Moja ocena jest dość niska, a to dlatego że po przeczytaniu książki widzę ile ważnych rzeczy pominięto i jak bardzo stracił na tym film. Ale Leonardo mistrzowski, to jest prawdziwy talent tylko pozazdrościć!
Dobrze wiedzieć, że jest książka, bardzo chętnie ją przeczytam. A co do pominiętych rzeczy,to ja podobne wrażenie odniosłam oglądając "Lśnienie", bo gdy później przeczytałam książkę wiele faktów, które w filmie wydawały mi się niejasne, nabrały sensu i wyjaśniły się.
ojj Lśnienie super! Ale jednak jak zwykle wolę książkę, przeczytałam ją bardzo szybko i jako jedną z pierwszych King'a. Ekranizację uważam za bardzo dobrą.
W takim razie myślę, że po lekturze powinnam obejrzeć film drugi raz. Może wtedy bardziej go docenię. Co do książek Kinga,to pierwszym jego dziełem,które miałam okazję przeczytać była "Misery" i zarówno książkę jak i ekranizację uważam za mistrzostwo :)

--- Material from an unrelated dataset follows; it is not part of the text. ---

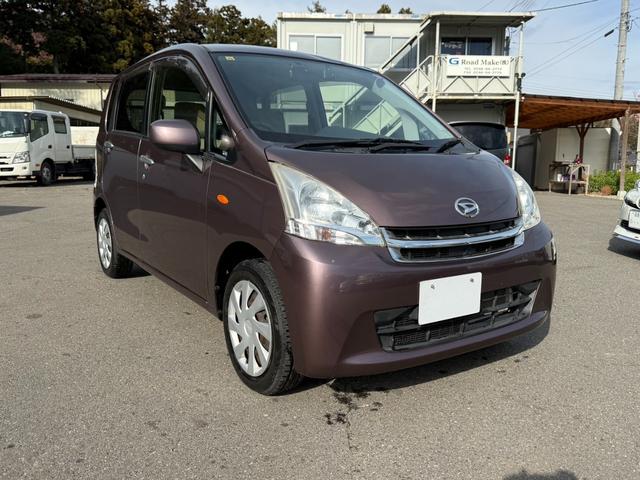 ムーヴ L 保証1年 修復歴無し 走行2.5万k SDナビ ワンセグTV ETC キーレス ドラレコ 業者内装クリーニング CVT ブリヂストン夏タイヤ タイミングチェーンエンジン スペアキー 関東仕入れサビ無し(2枚目)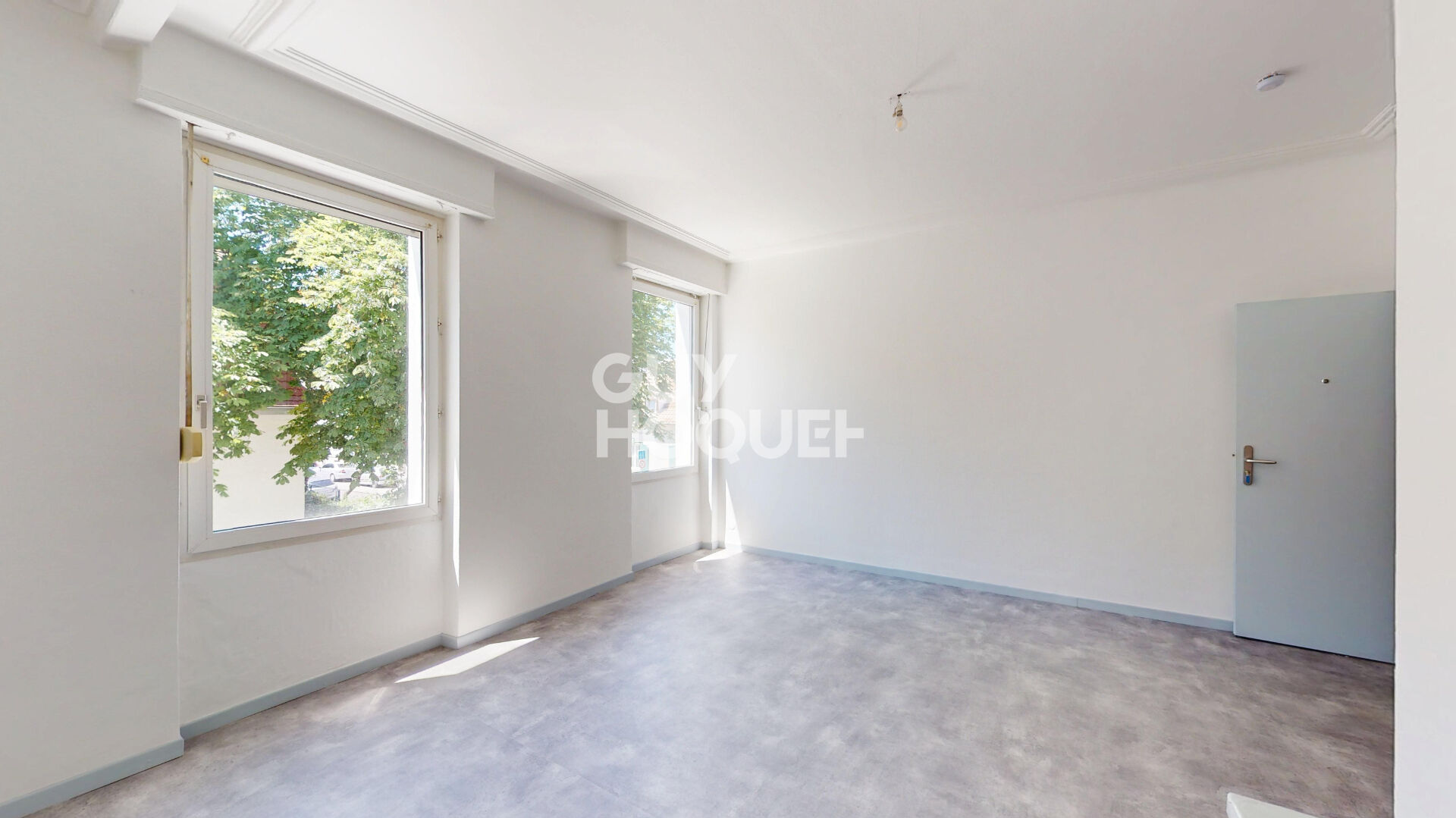 Immeuble vide Mulhouse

Oglądałam ten film dawno temu i stwierdziłam że jest rewelacyjny! Niedawno czytałam książkę i postanowiłam obejrzeć film jeszcze raz. Strasznie się rozczarowałam! Książka o niebo lepsza. Zgadzam się, że przez pominięcie wielu rzeczy i przeinaczeniu innych film wiele stracił.